┌──

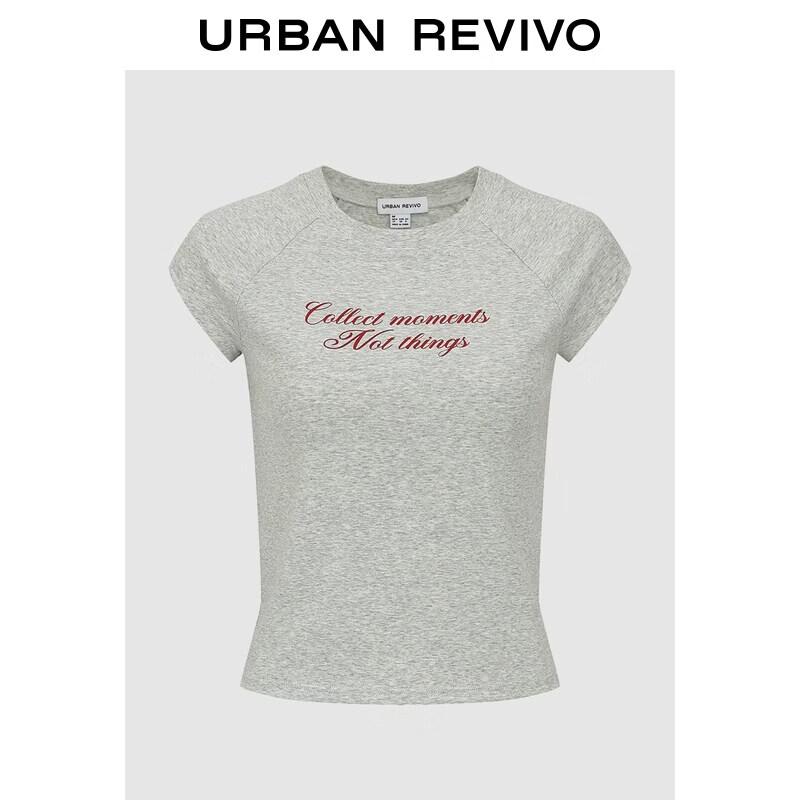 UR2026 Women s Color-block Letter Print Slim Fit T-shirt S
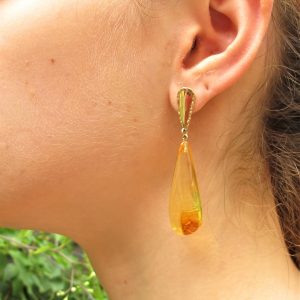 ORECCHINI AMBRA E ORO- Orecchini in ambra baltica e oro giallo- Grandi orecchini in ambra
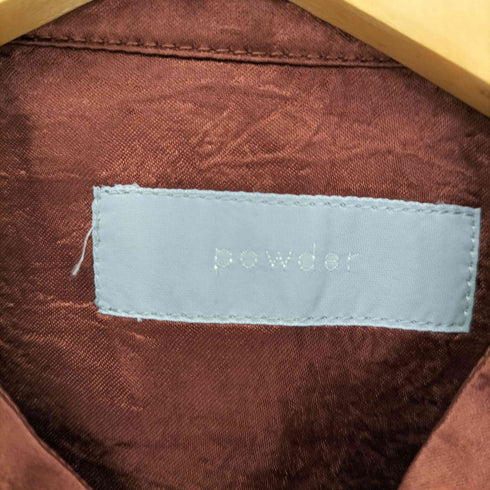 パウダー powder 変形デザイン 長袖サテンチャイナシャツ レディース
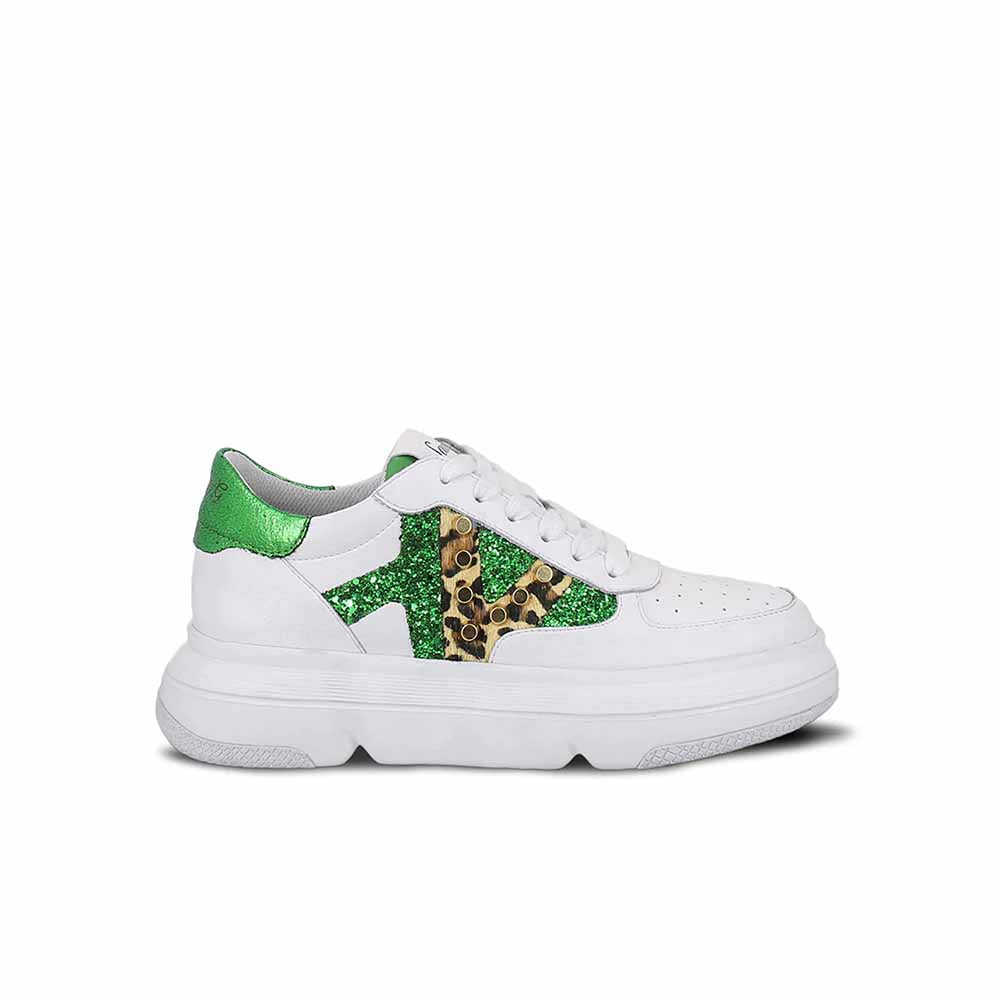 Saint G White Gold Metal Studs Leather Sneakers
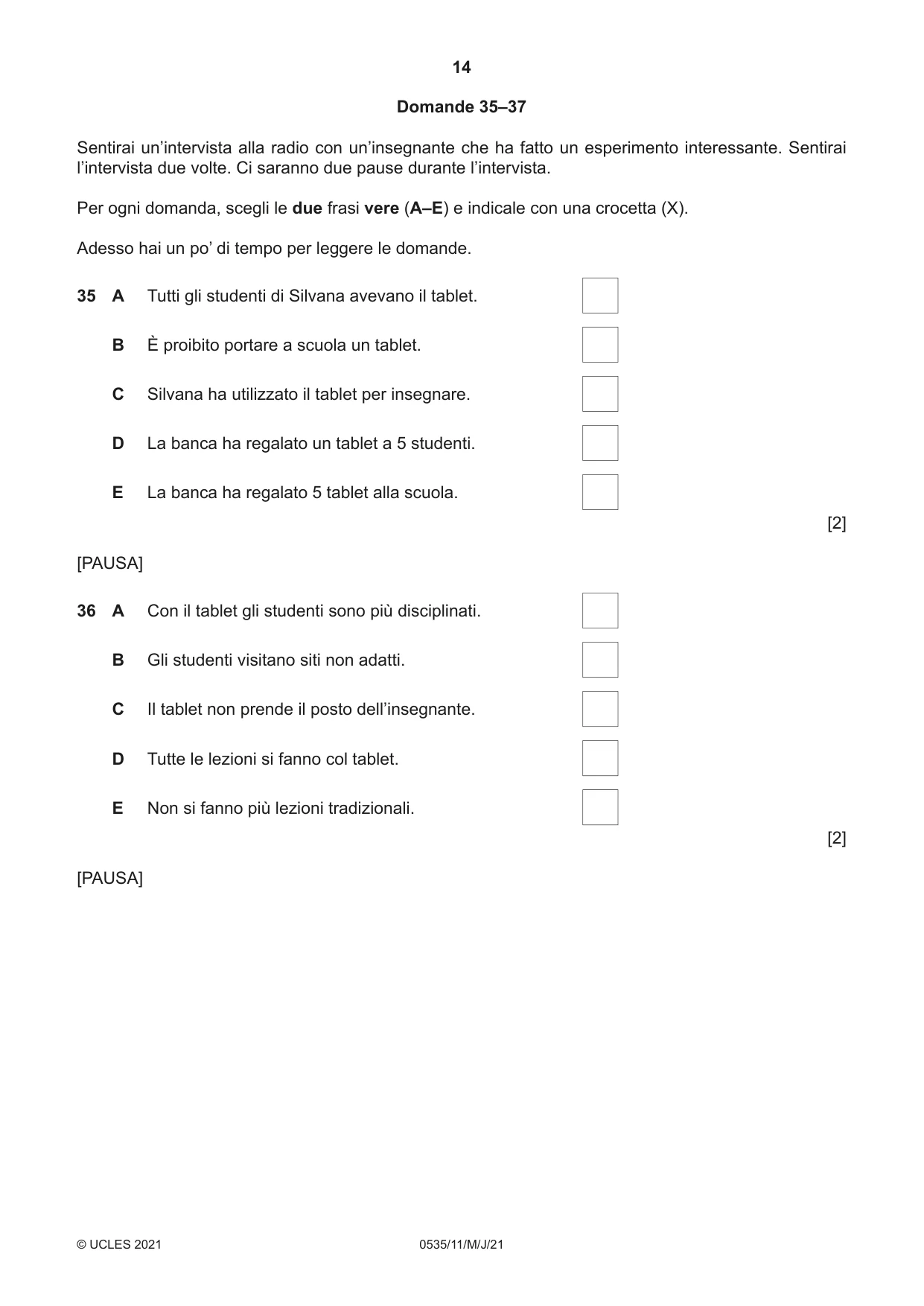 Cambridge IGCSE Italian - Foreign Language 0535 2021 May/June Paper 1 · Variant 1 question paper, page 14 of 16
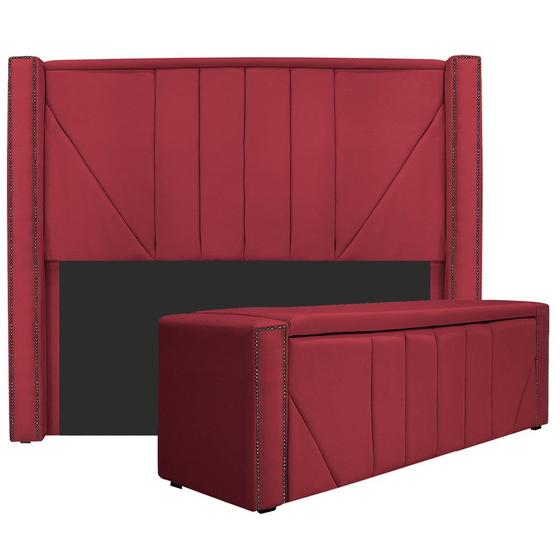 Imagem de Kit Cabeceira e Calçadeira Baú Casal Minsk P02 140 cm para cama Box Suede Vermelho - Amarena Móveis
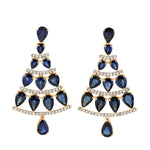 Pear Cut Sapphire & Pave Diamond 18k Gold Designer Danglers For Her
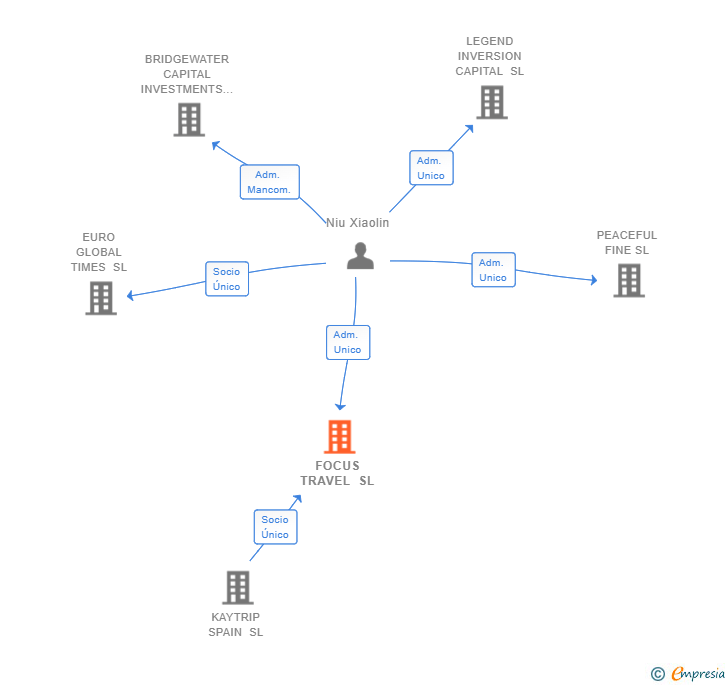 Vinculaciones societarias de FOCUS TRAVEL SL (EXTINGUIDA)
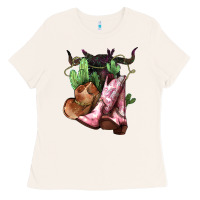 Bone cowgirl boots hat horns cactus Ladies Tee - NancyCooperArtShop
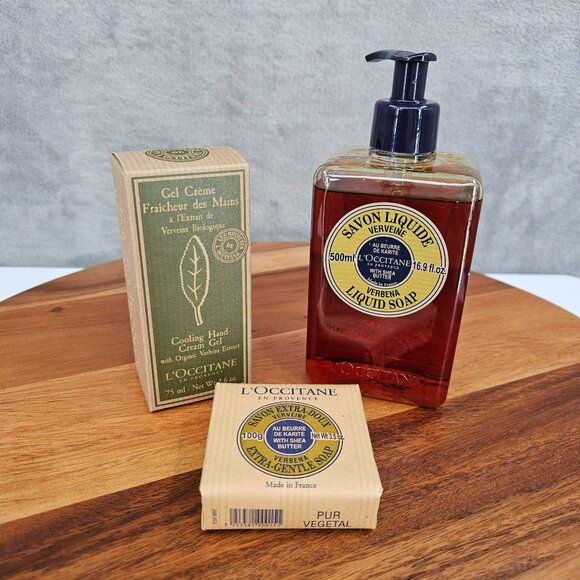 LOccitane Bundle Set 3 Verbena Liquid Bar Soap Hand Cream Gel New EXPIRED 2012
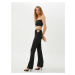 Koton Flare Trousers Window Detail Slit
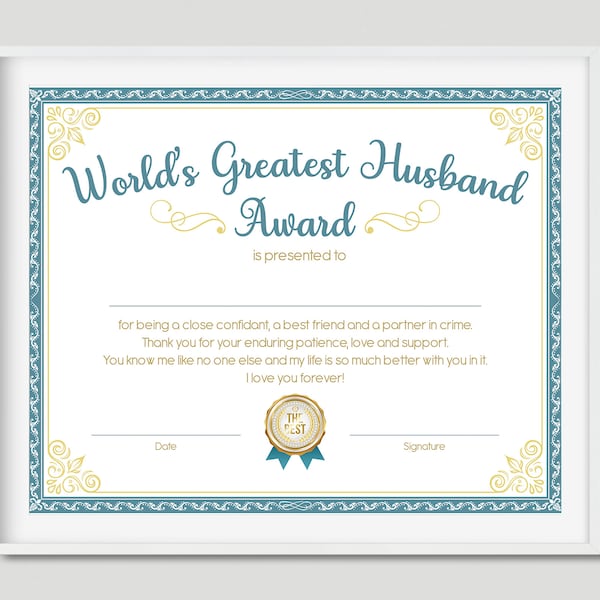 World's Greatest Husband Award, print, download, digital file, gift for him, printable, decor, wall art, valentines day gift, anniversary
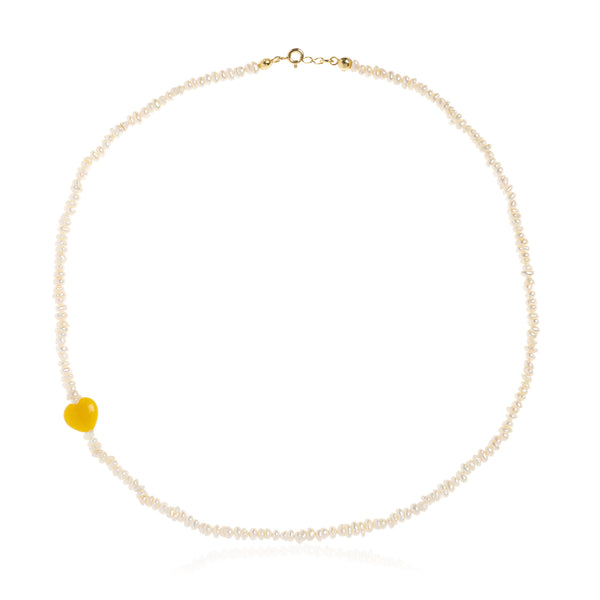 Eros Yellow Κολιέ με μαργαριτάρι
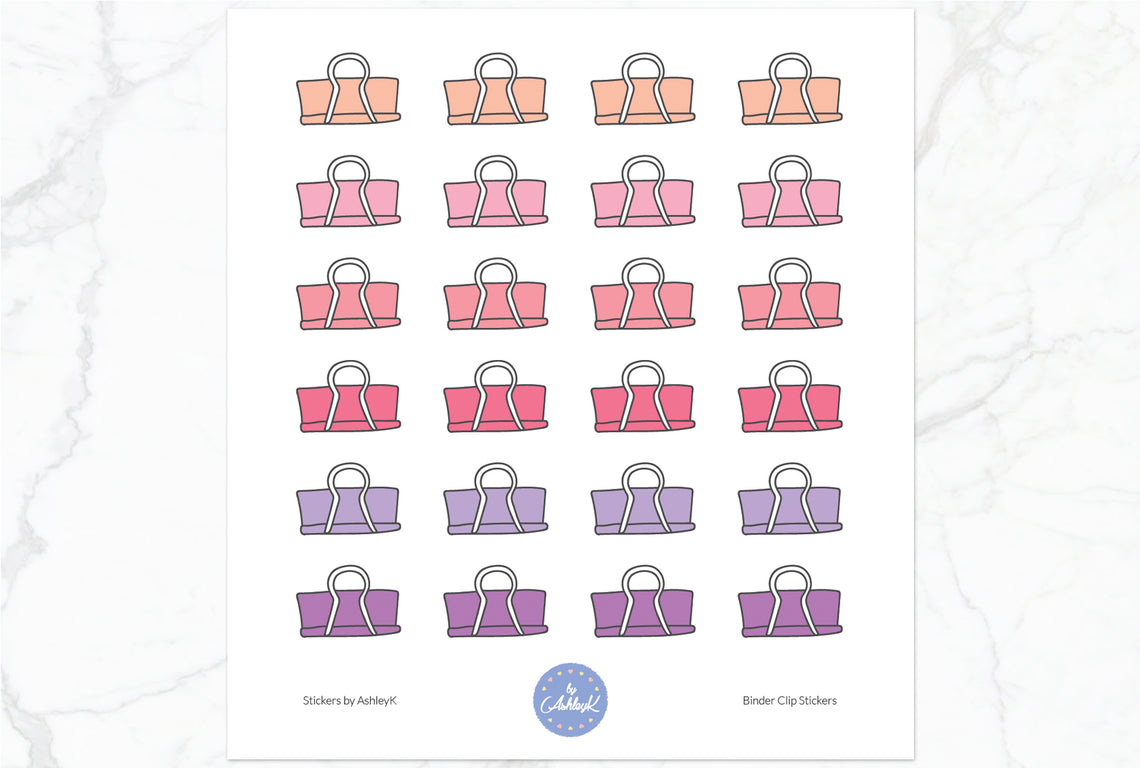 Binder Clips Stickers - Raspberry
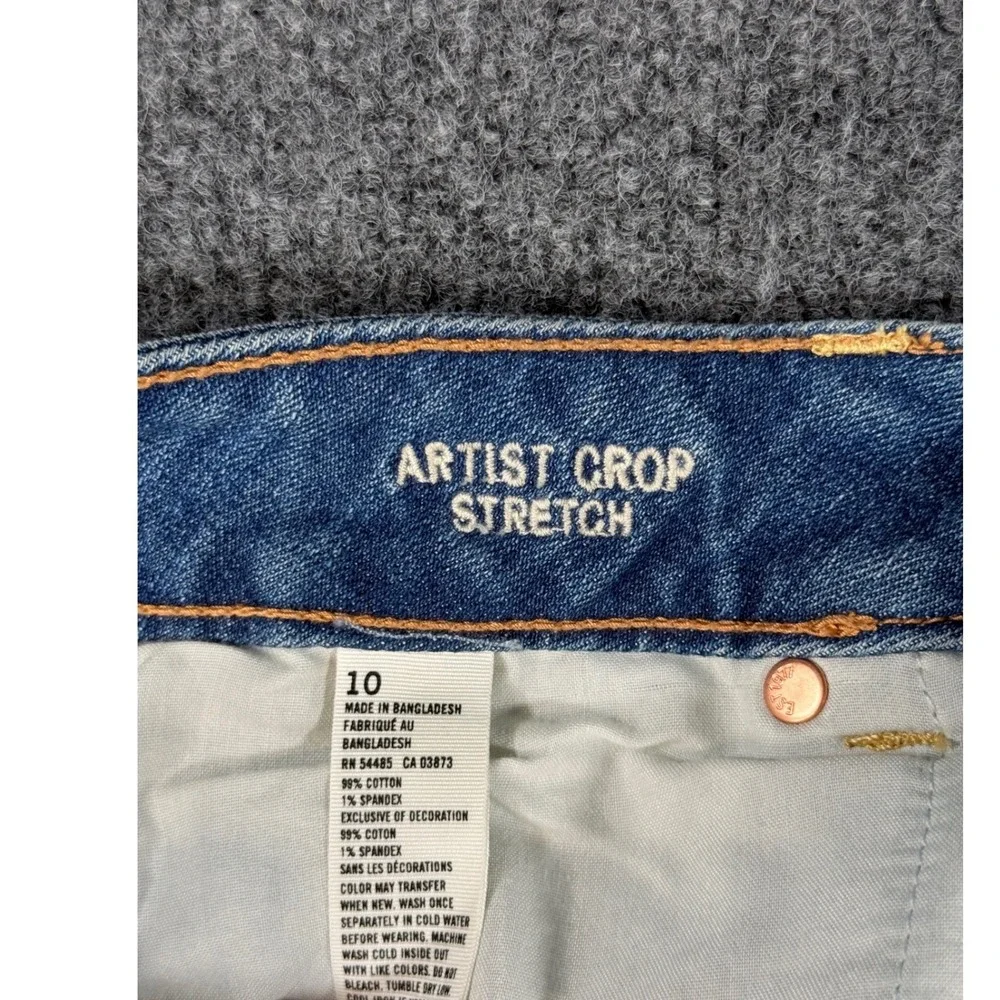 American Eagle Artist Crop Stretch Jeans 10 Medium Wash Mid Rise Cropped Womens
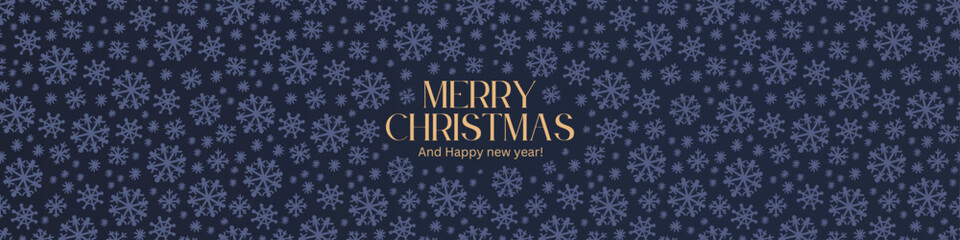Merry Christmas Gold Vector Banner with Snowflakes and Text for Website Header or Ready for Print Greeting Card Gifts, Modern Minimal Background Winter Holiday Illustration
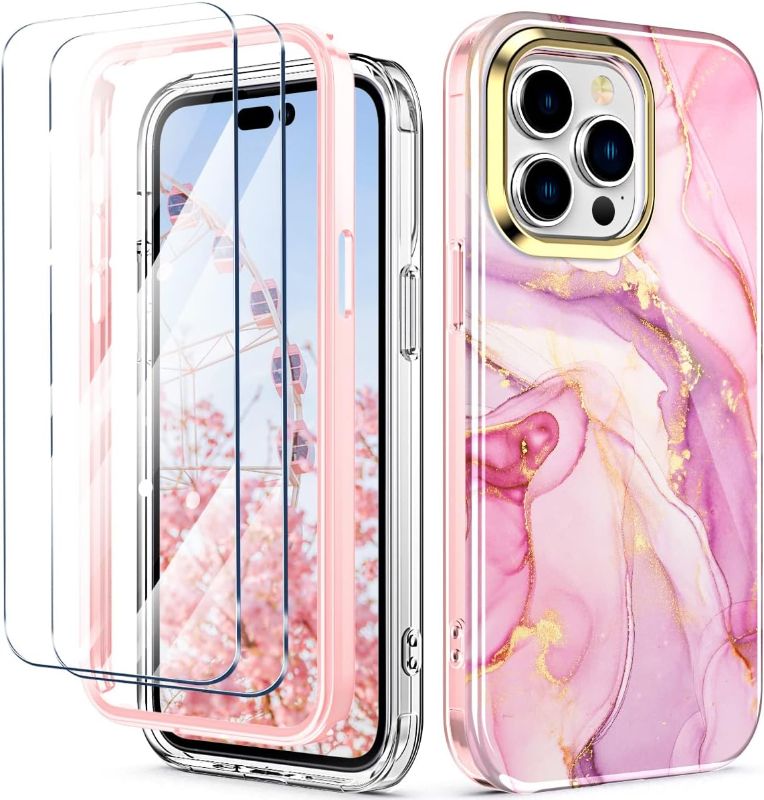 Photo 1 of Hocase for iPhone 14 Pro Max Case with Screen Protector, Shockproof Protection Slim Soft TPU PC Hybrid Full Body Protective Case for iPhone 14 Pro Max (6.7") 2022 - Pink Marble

└──

Task item. For this exercise, transcribe exactly only the lines from the one containing "Koton Flare Trousers Window Detail Slit" through the end of the listing, inclusive, without the pictures.

Answer area.
 Koton Flare Trousers Window Detail Slit
 World's Greatest Husband Award, print, download, digital file, gift for him, printable, decor, wall art, valentines day gift, anniversary
 Eros Yellow Κολιέ με μαργαριτάρι
 Binder Clips Stickers - Raspberry
 American Eagle Artist Crop Stretch Jeans 10 Medium Wash Mid Rise Cropped Womens
Merry Christmas Gold Vector Banner with Snowflakes and Text for Website Header or Ready for Print Greeting Card Gifts, Modern Minimal Background Winter Holiday Illustration
 Photo 1 of Hocase for iPhone 14 Pro Max Case with Screen Protector, Shockproof Protection Slim Soft TPU PC Hybrid Full Body Protective Case for iPhone 14 Pro Max (6.7") 2022 - Pink Marble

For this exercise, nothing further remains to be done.